You see, I have a couple of big maple trees in my back yard, and their roots creep under the ground right into my garden beds. It takes a lot of labor with the hoe and the spade and the tree branch loppers to get them out of the way.
If my trees could talk, they'd likely say something like this: "Sure, you want us to stop our roots just at the border of your vegetable garden and flower beds and go somewhere else-- like under the neighbors' lawns. Not happening. Of course we're putting our roots where you plant things! That's where all the loose dirt and the fertilizer and the water is!"
Trees as trees are not dummies. They go where the water and nutrients are. It only makes sense.
So why, then, do we human beings not do the same? But our natural tendency is to seek out the very conditions that bring us death. Here's how the prophet Jeremiah puts it in the 17th chapter of his book:
This is what the LORD says:
"Cursed is the one who trusts in man,
who depends on flesh for his strength
and whose heart turns away from the LORD.

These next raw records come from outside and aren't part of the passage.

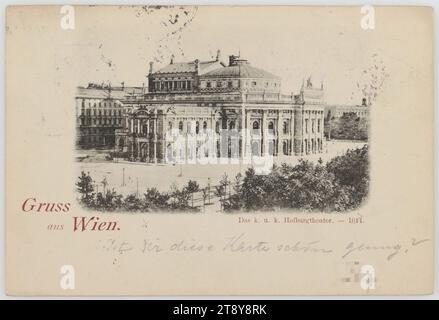 1st, Universitätsring 2 - Burgtheater, schräge Ansicht, Postkarte, Unbekannt, 1897, Pappe, Kollotypie, Sehenswürdigkeiten, Ringstraße, Theater, 1: innere Stadt, Theater, Burgtheater, Universitätsring, Wiener Sammlung Stockfoto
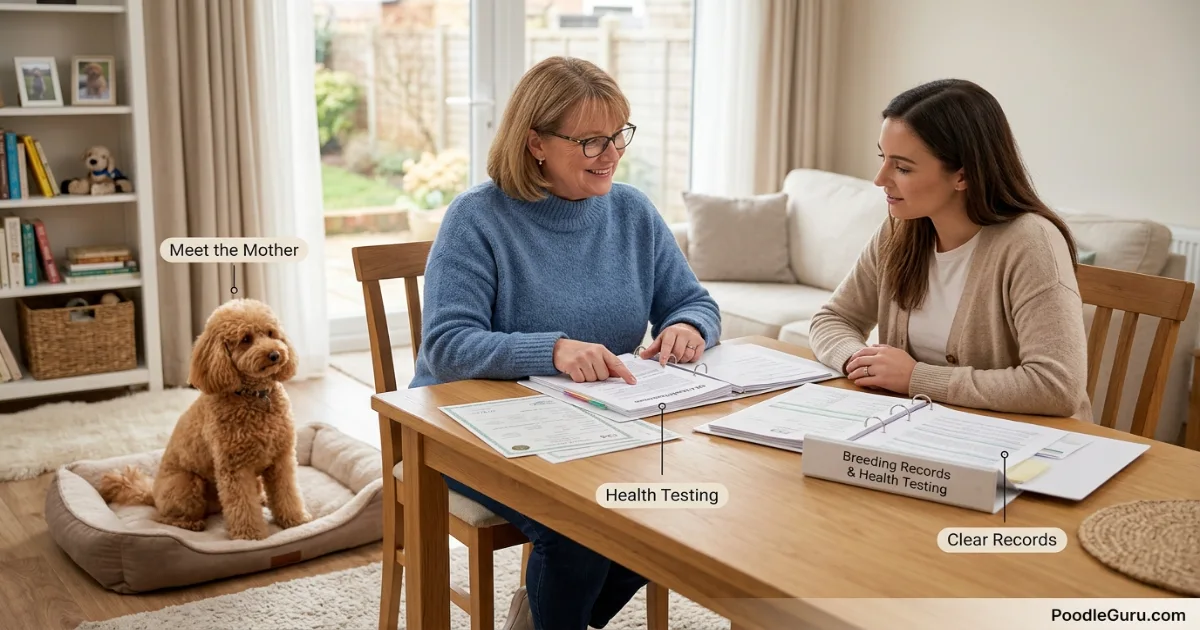 Responsible Toy Poodle breeder visit with health records before buying a teacup-labeled puppy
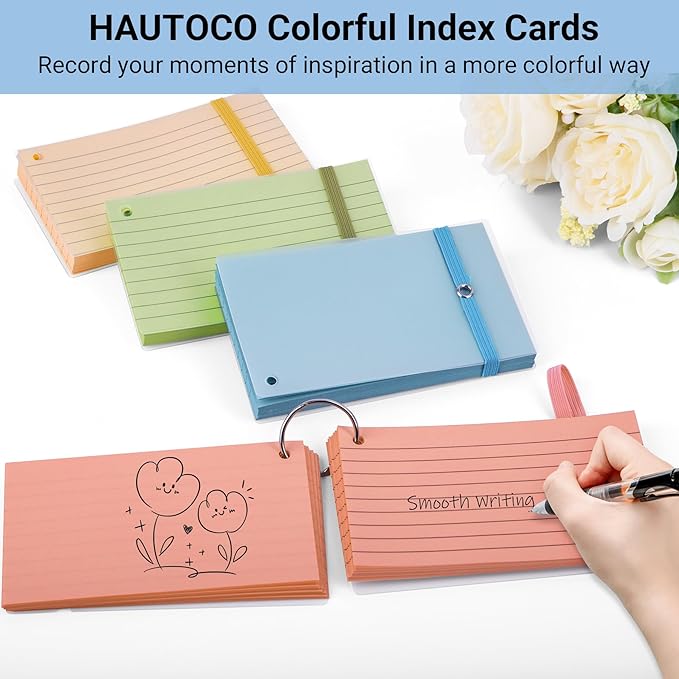 HAUTOCO 200 PCS Colored Flash Cards 3x5 with Rings, Ruled Index Cards with Waterproof Dividers, 4 Colors Study Notecards for Students, Teachers, Exam Prep, Office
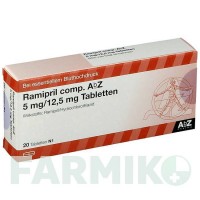 РАМІПРИЛ (RAMIPRIL) 5 мг/12,5 мг таблетки 20 шт - Раміприл, Гідрохлоротіазид ABZ PHARMA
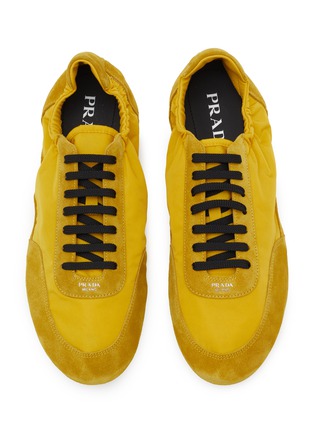 Detail View - Click To Enlarge - PRADA - Collapse Re-Nylon Suede Men's Sneakers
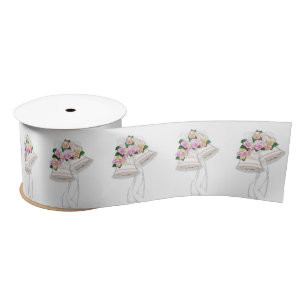 Wedding Bells On White  Satin Ribbon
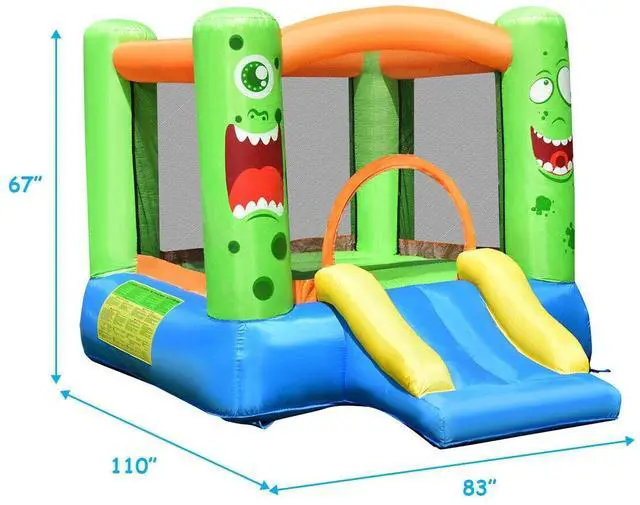 Alt view image 4 of 7 - SlickBlue Inflatable Bounce House Jumper Castle Kid's Playhouse without Blower
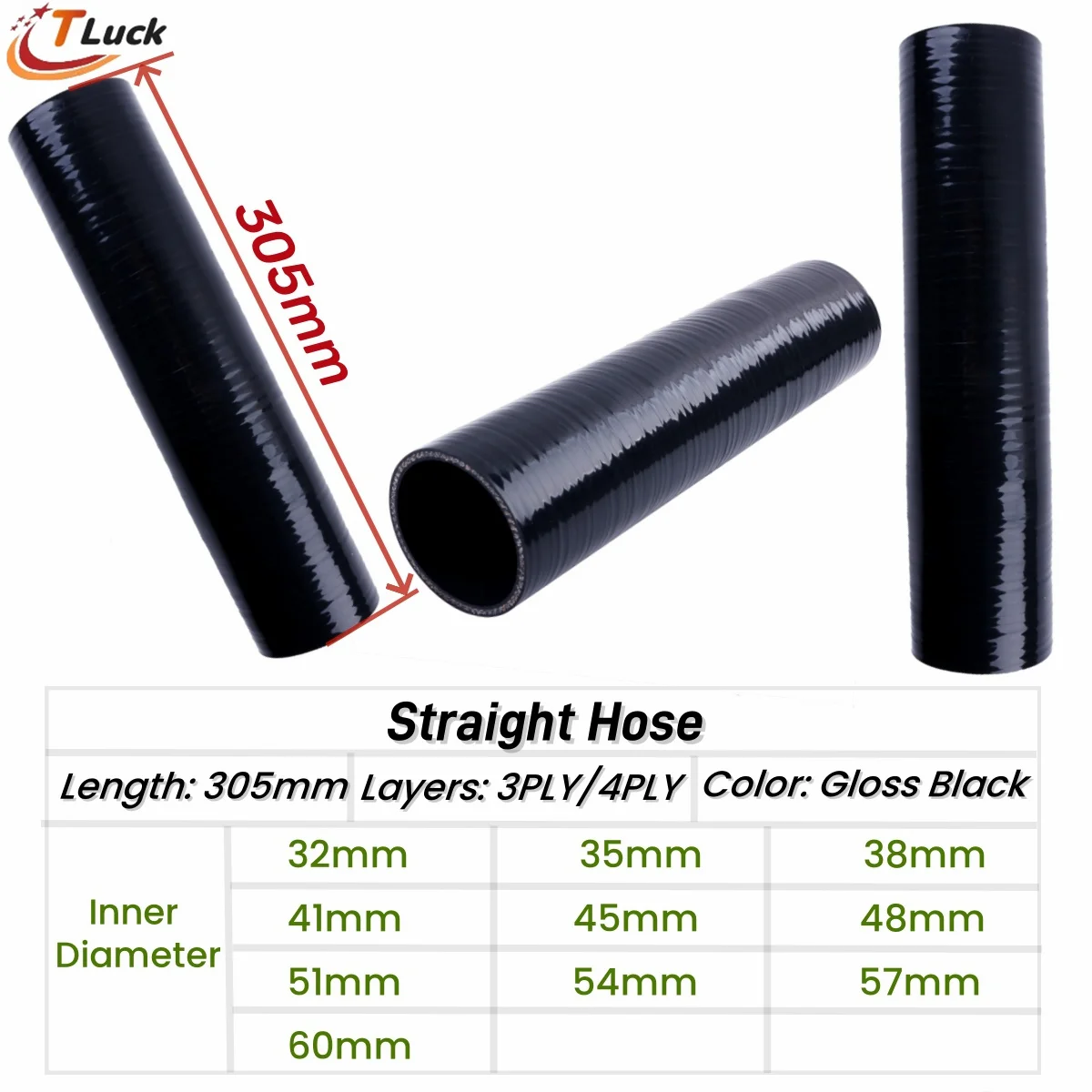1PC Straight Hose Silicone Intercooler Connector Turbo Intake Pipe Coolant Tube ID 32mm 35mm 38mm 41 45mm 48mm 51mm 54mm 57 60mm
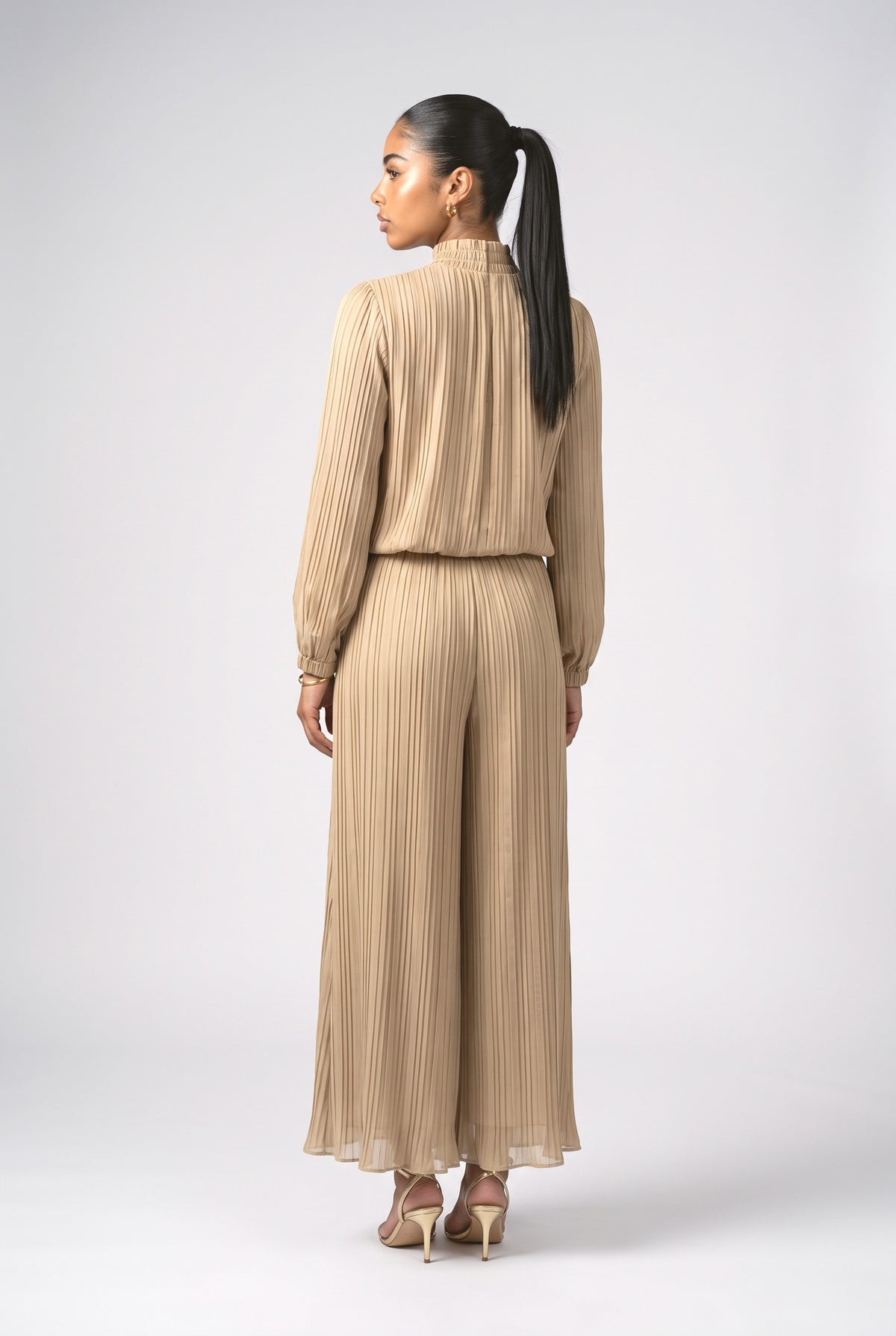 Chiffon Pleated Outfit Set, back view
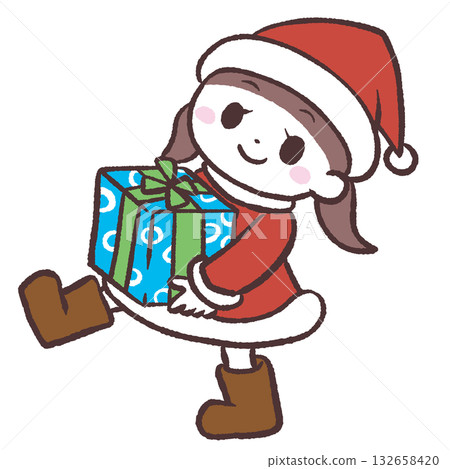 Illustration of a girl dressed as Santa holding a gift Illustration of a girl dressed as Santa holding a gift 132658420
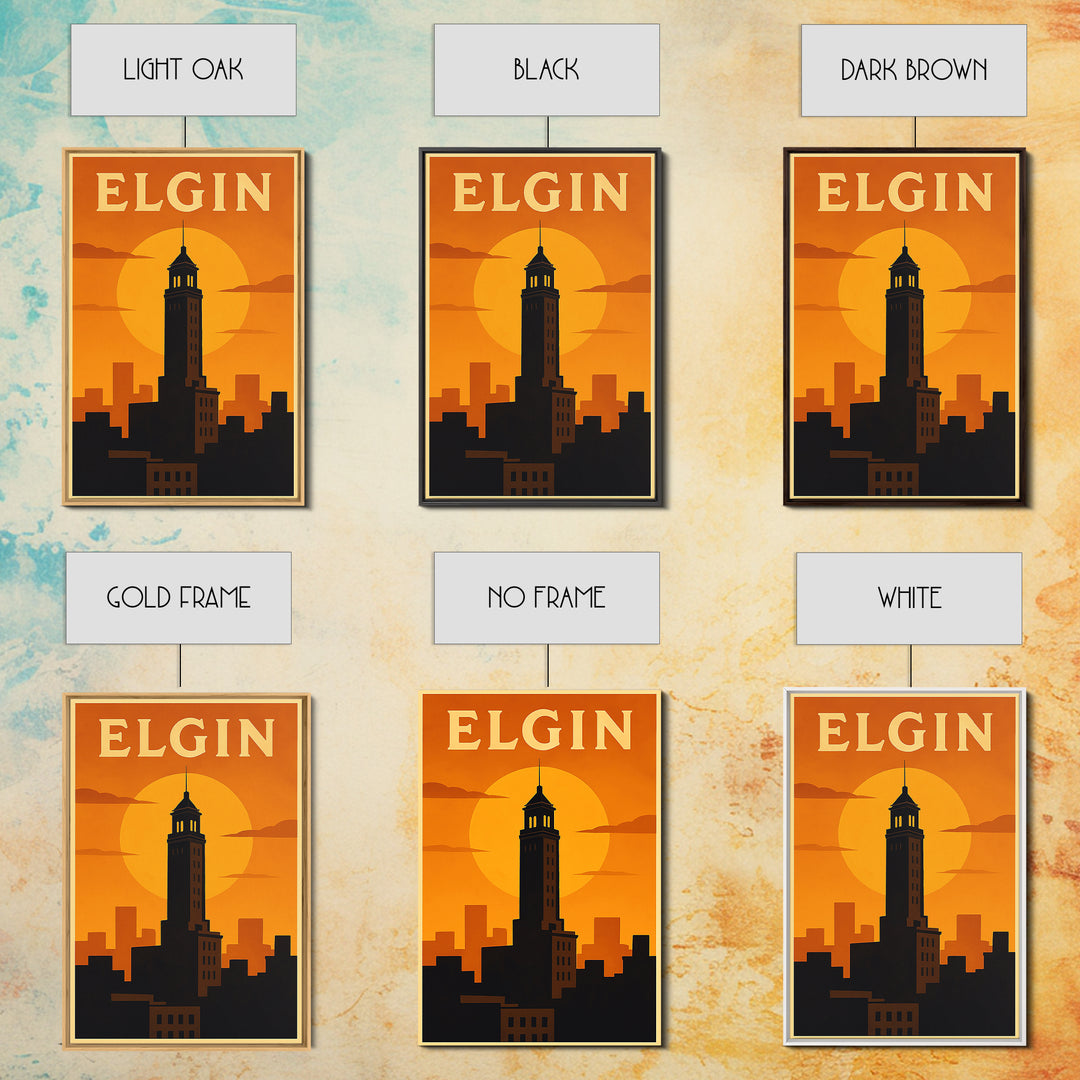 Elgin Travel Poster, Canvas Print, Golden Travel Poster Art, Elgin Poster Print, Retro Travel Print, Travel Poster Art, Travel Wall Decor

He will be like a bush in the wastelands;
he will not see prosperity when it comes.
He will dwell in the parched places of the desert,
in a salt land where no one lives.
Can any bush survive in conditions like that? But we're like that when we turn away from faith in the Lord. We trust instead in ourselves. We rely on what other people can do for us. We run after money or power or anything other than God. The Lord Almighty is a river that never runs dry, but we send out our roots into the wastelands of our own self-sufficiency and self-deification.
How different it is when we trust in the Lord! The Scripture says:
"But blessed is the man who trusts in the LORD,
whose confidence is in him.
He will be like a tree planted by the water
that sends out its roots by the stream.
It does not fear when heat comes;
its leaves are always green.
It has no worries in a year of drought
and never fails to bear fruit."
Even when external conditions aren't good, God causes those who trust Him to prosper and bear fruit. He nourishes us into becoming the kind of people He wants us to be, people who love Him and our brothers and sisters the way He created us to do.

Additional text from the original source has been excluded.